§ **Collected data**:
·····
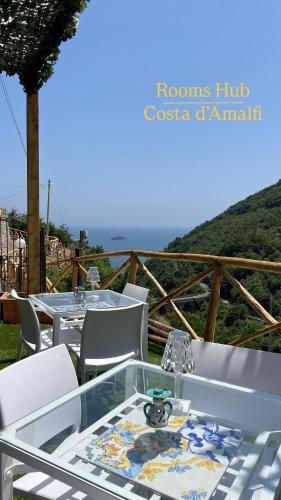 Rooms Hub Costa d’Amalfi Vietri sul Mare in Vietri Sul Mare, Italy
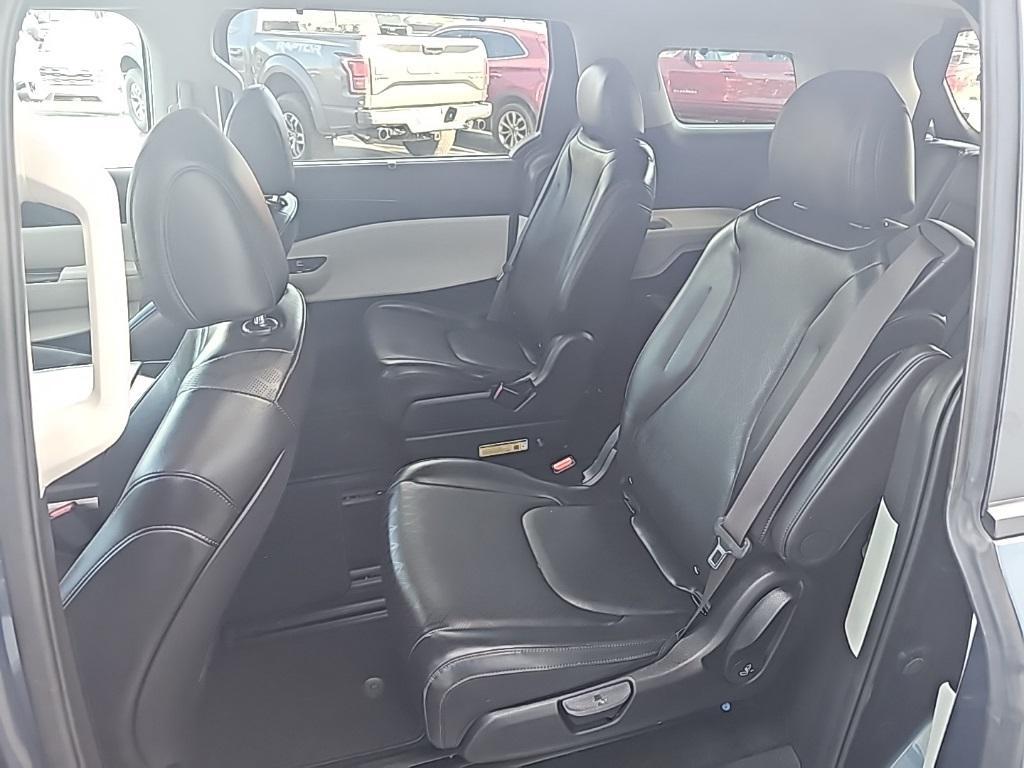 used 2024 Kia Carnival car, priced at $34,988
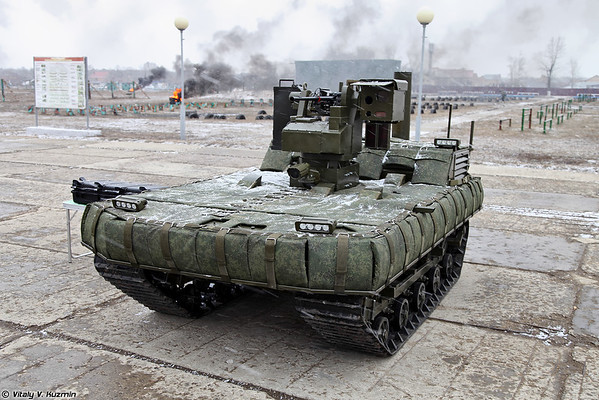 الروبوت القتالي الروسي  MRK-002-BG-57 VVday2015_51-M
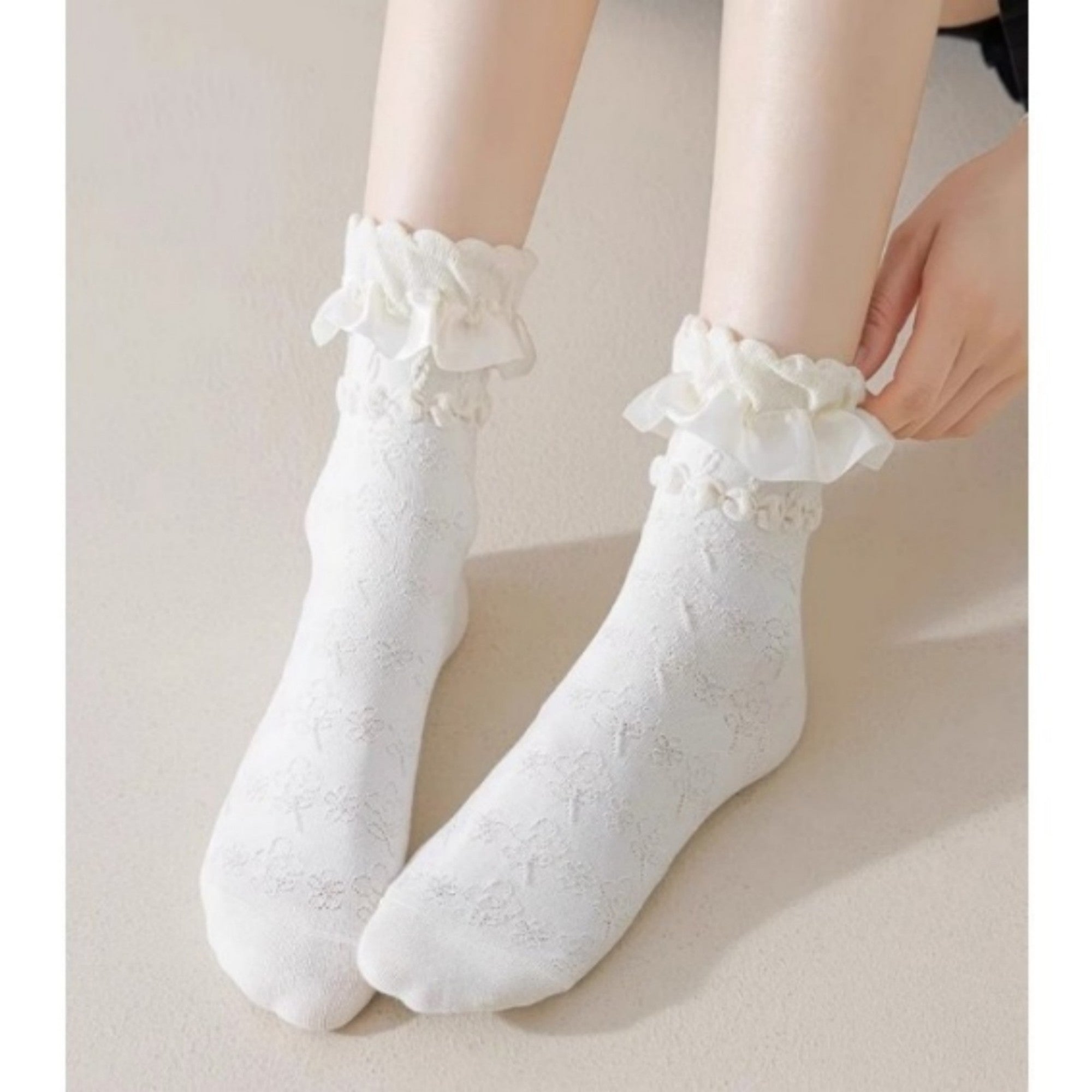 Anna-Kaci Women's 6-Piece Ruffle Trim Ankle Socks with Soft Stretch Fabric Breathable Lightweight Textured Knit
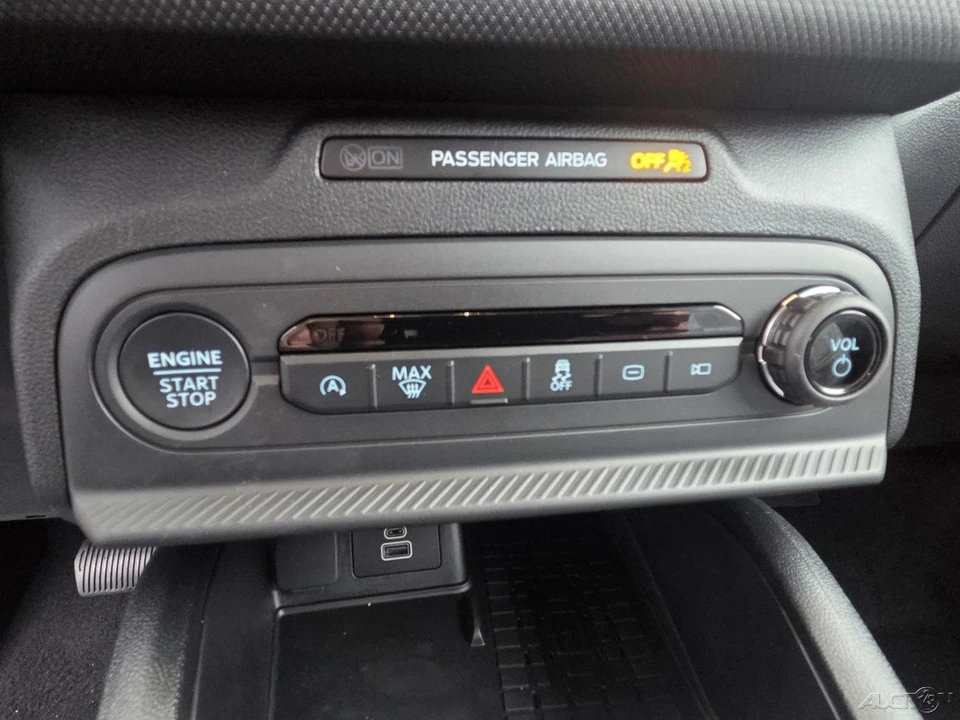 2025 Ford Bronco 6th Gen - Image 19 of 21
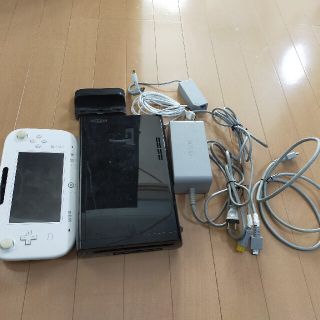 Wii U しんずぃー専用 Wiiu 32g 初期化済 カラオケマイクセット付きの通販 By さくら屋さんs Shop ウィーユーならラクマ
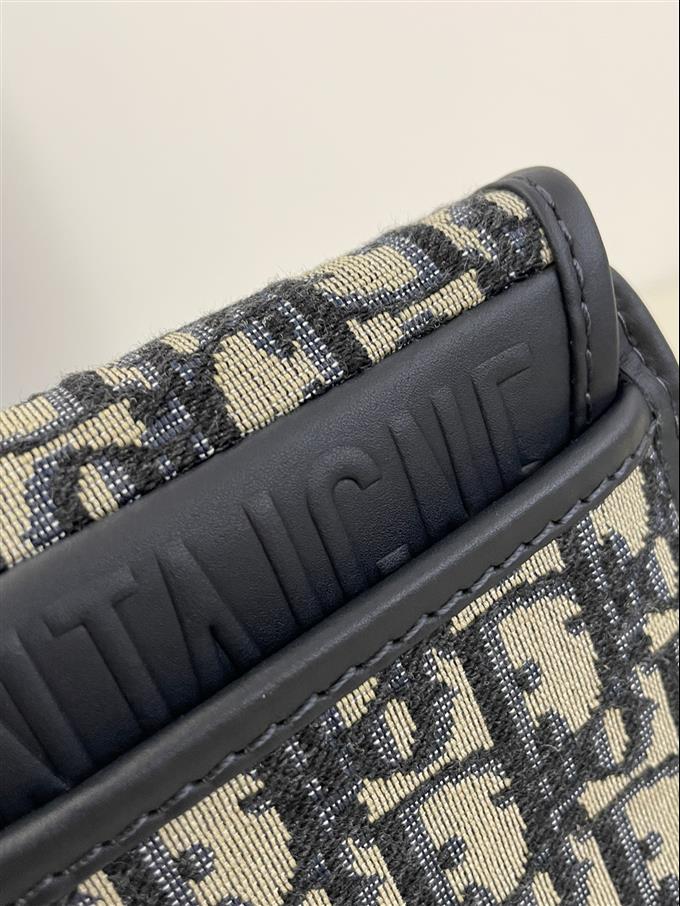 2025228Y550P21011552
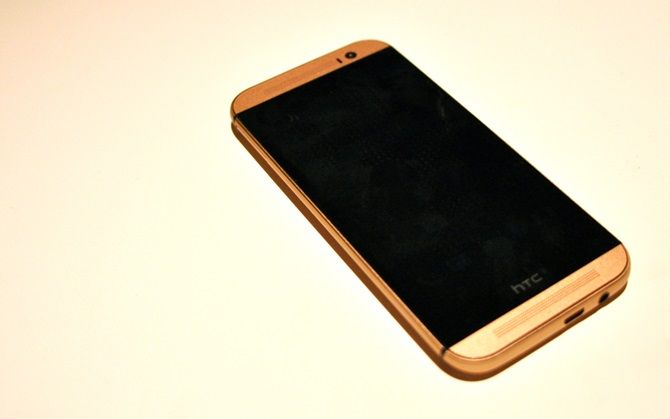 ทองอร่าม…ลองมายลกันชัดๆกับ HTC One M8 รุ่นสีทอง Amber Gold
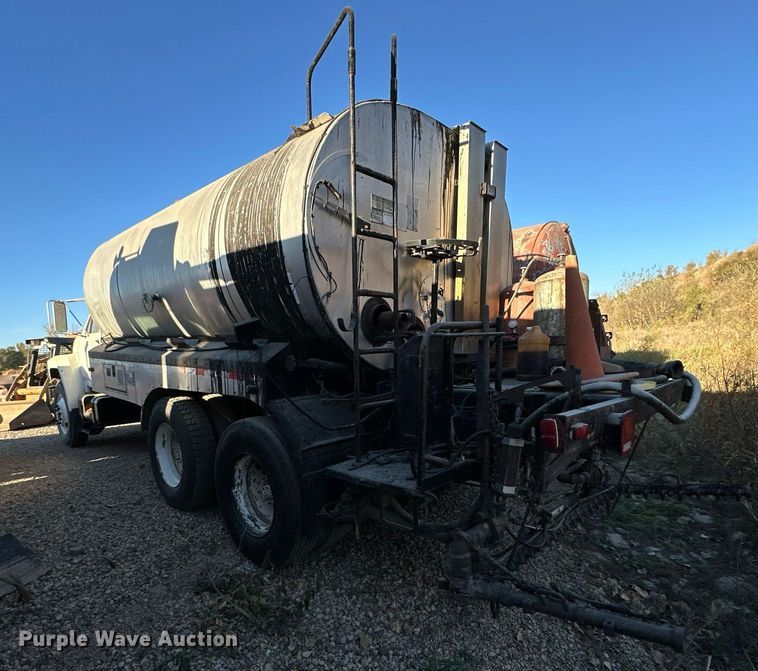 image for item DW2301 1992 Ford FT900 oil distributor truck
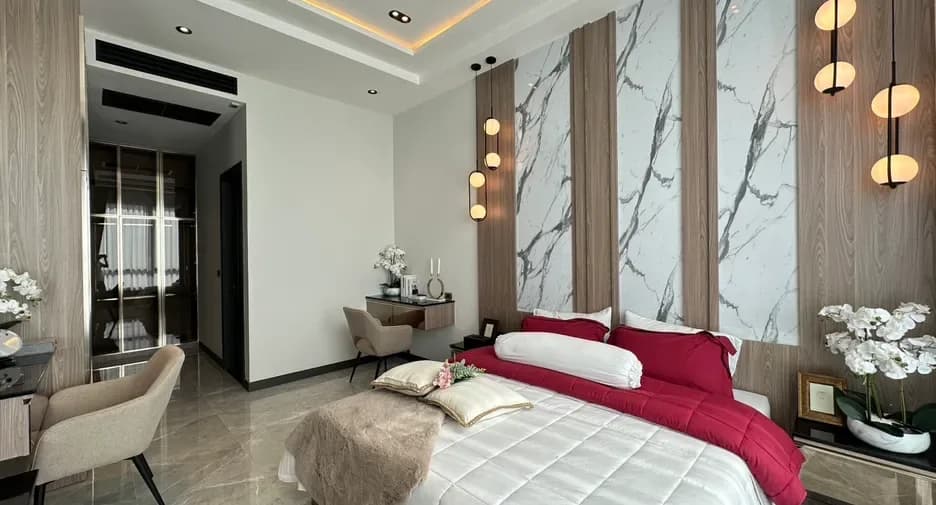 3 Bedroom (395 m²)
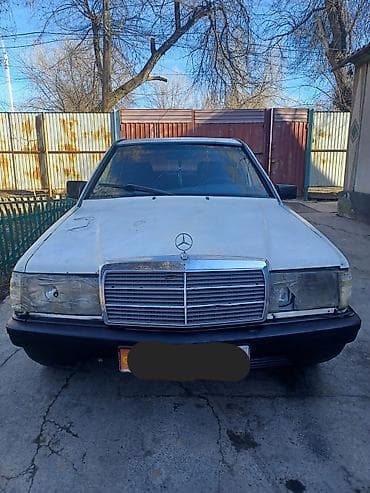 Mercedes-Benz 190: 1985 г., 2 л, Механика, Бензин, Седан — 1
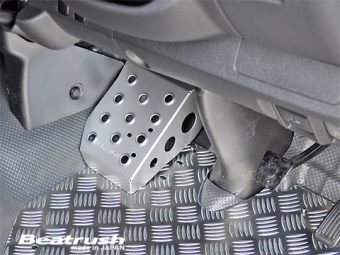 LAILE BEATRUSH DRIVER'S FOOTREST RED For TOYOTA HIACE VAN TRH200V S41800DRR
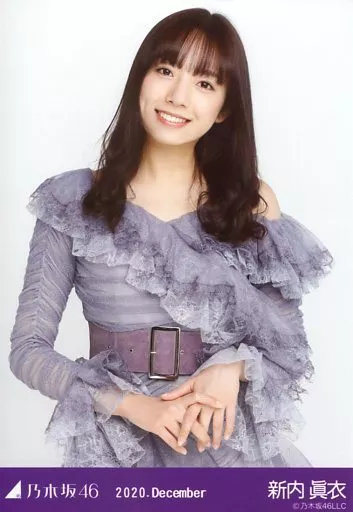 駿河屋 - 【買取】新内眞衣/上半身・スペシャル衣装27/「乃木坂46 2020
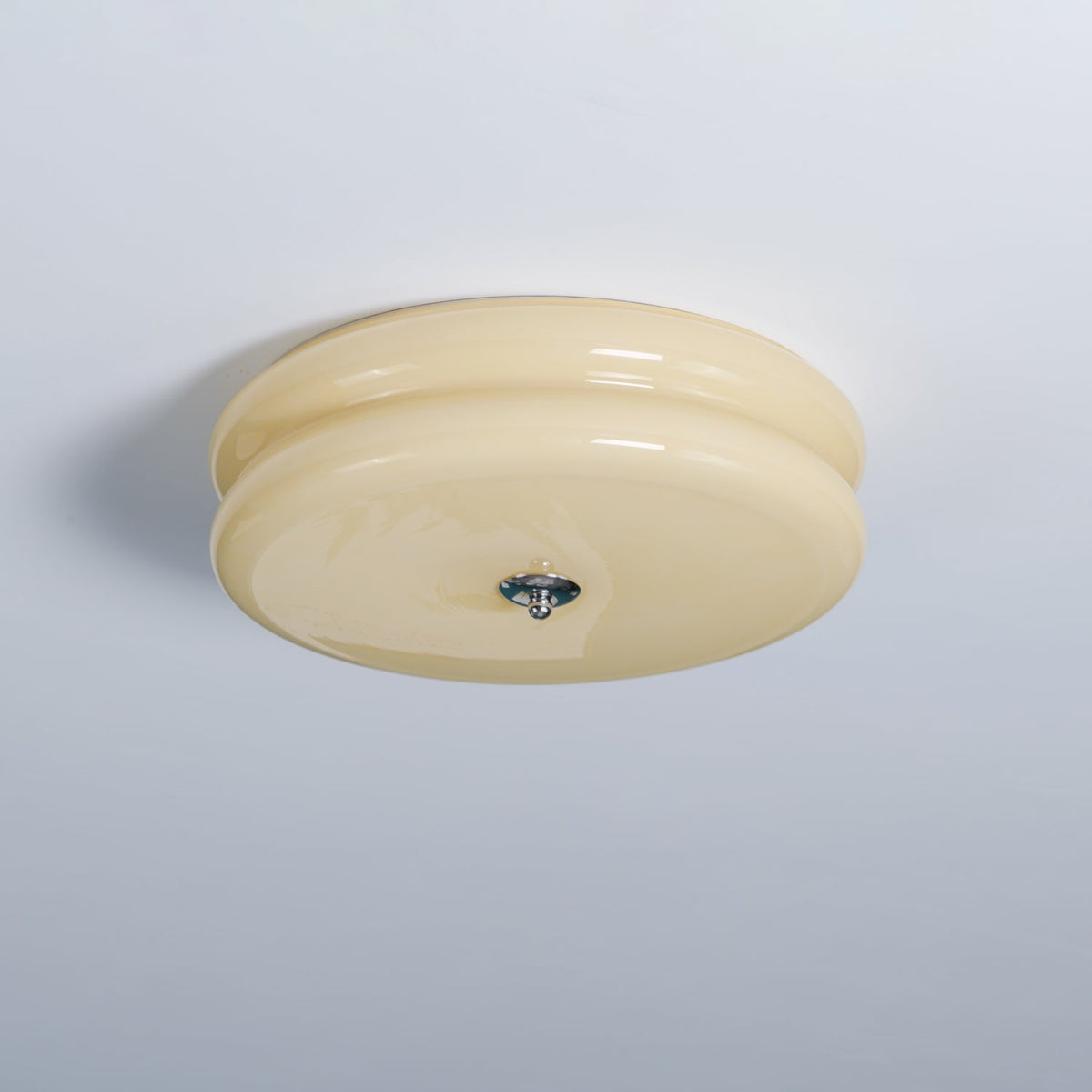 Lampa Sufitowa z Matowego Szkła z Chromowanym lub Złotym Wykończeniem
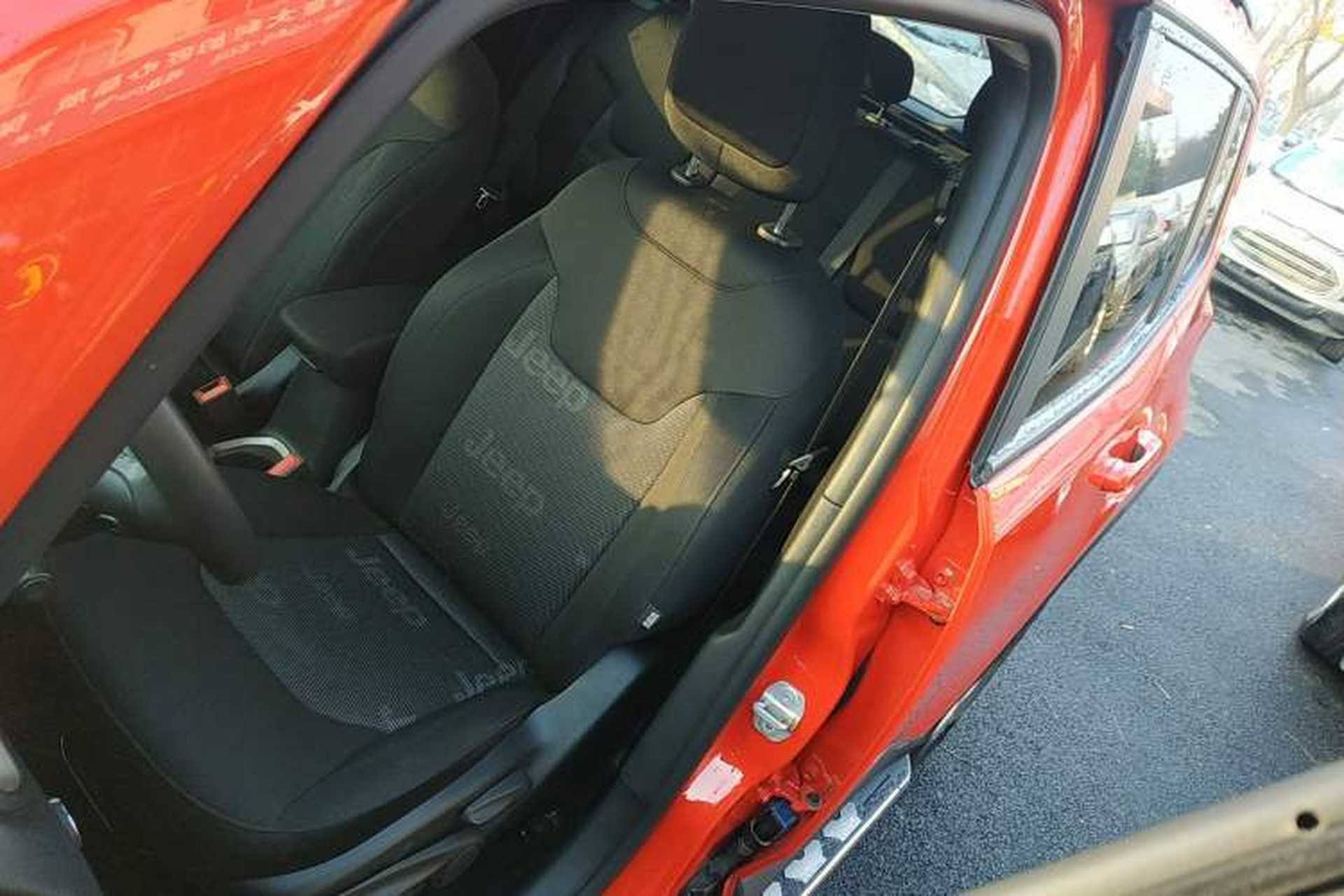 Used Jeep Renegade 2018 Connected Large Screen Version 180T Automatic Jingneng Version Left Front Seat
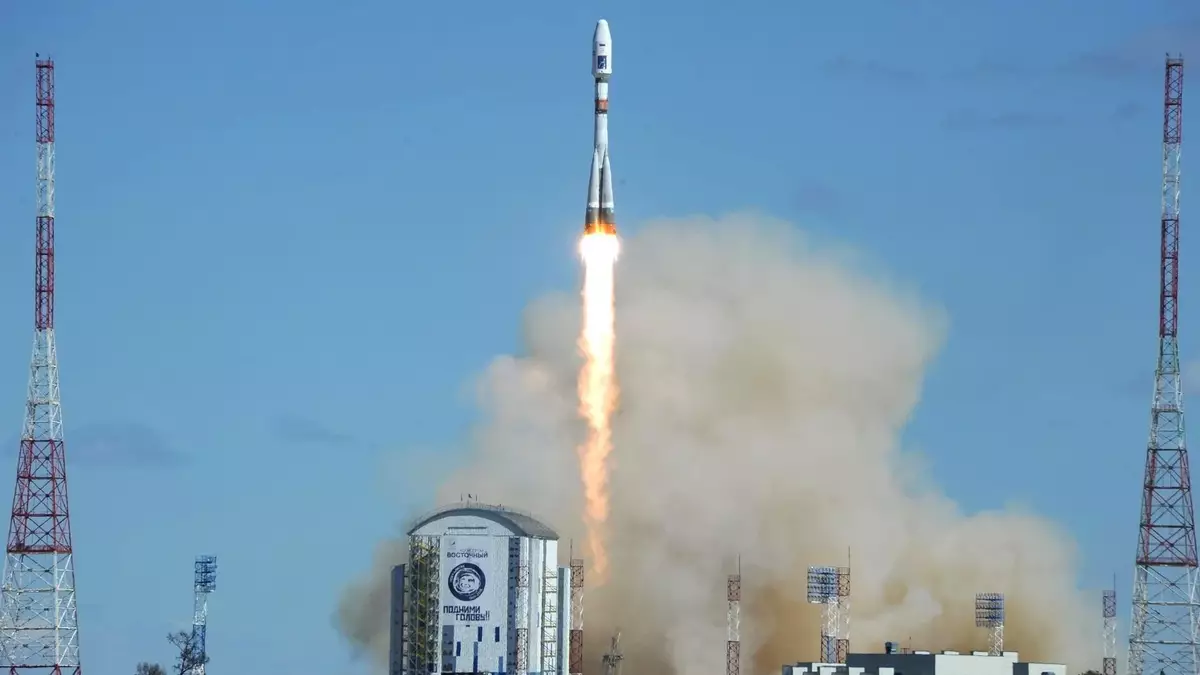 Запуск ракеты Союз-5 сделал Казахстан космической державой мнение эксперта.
·····
§ **WHAT IS NEEDED**: What you set down should be exactly the lines from the line containing "Used Jeep Renegade" to the last line of the entries above, both included, with no pictures.

§ **RESPONSE AREA**:
 Used Jeep Renegade 2018 Connected Large Screen Version 180T Automatic Jingneng Version Left Front Seat
 Запуск ракеты Союз-5 сделал Казахстан космической державой мнение эксперта.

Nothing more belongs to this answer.